Enfin, reste le défi de l’accessibilité. Ces magasins urbains devant servir de points de retrait pour du click & collect, il doit être possible pour les consommateurs de les approcher en voiture afin de retirer les articles les plus lourds. Au centre commercial The Mint, un parking est à la disposition des clients, qui peuvent ainsi venir rechercher leurs commandes passées en ligne. ” Les points de retrait en centre-ville posent la question de l’accessibilité, reconnaît Annelies Nauwelaerts, porte-parole d’Ikea Belgique. Dans notre magasin d’Hambourg, les clients peuvent directement passer commande et se faire livrer à domicile. Ils ont par ailleurs la possibilité de louer des vélos-cargos afin d’emporter leurs articles. ”
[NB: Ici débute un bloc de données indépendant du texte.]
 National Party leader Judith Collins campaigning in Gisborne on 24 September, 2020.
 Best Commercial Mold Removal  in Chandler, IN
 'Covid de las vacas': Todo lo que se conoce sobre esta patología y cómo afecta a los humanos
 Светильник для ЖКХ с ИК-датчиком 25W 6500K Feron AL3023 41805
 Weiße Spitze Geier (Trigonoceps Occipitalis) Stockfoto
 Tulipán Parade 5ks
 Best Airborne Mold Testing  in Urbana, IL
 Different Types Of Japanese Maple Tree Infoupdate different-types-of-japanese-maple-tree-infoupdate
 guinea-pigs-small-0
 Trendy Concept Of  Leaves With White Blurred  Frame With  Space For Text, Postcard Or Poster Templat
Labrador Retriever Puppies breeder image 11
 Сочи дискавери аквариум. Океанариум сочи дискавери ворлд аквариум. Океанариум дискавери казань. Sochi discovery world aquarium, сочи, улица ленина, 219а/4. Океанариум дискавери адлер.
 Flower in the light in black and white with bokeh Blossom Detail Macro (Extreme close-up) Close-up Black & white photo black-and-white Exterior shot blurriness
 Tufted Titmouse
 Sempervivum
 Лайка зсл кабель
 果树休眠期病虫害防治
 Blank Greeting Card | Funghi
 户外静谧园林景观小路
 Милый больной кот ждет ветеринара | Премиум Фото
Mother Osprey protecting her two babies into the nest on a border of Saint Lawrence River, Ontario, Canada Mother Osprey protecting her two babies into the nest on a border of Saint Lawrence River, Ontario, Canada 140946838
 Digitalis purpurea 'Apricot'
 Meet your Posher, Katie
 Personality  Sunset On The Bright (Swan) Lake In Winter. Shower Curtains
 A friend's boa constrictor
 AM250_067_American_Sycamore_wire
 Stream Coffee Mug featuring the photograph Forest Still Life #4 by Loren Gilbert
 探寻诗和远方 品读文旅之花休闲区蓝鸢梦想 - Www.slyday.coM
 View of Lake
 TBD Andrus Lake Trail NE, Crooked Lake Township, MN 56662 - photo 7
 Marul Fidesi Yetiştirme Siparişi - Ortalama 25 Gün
Contrairement à Decathlon et Ikea, l’enseigne de chaussures Brantano, récemment reprise par le groupe de mode FNG (Miss Etam, Fred&Ginger, etc.), ne peut être classée dans la catégorie des big box. Non seulement elle compte bien plus de points de vente en Belgique (110 pour être exact, contre respectivement 30 et 8 pour Decathlon et Ikea), mais sa superficie est bien moins élevée. Si la chaîne est aujourd’hui installée en périphérie, le long des grand-routes, ses responsables la verrait bien conquérir les centres-villes. ” Il y a un potentiel de 5 à 10 magasins en centre-ville dans les trois ans, assure Dieter Penninckx, CEO de FNG. Je pense notamment à Bruxelles et Liège ; mais aussi à de plus petites villes. Nous serions également intéressés par les centres commerciaux, à Woluwe, à Wijnegem. ” Si la marque lorgne les centres-villes, c’est, dit-elle, pour ” toucher les clients qui décident de ne pas avoir de voiture “. ” A l’heure du shopping omnicanal, les gens veulent qu’une marque soit disponible où ils sont, ajoute le CEO. Nous conserverons le même concept, mais simplement sur moins de mètres carrés et davantage centré sur l’inspiration. ” N’est-ce pas un pari risqué quand on voit que plusieurs chaînes quittent les centres-villes et rationalisent leur parc de magasins ? ” Des enseignes de périphérie de 800 m2 avec une telle densité de points de vente qui décident d’aller en centre-ville aujourd’hui, il n’y en a pas beaucoup “, glisse un fin connaisseur du retail.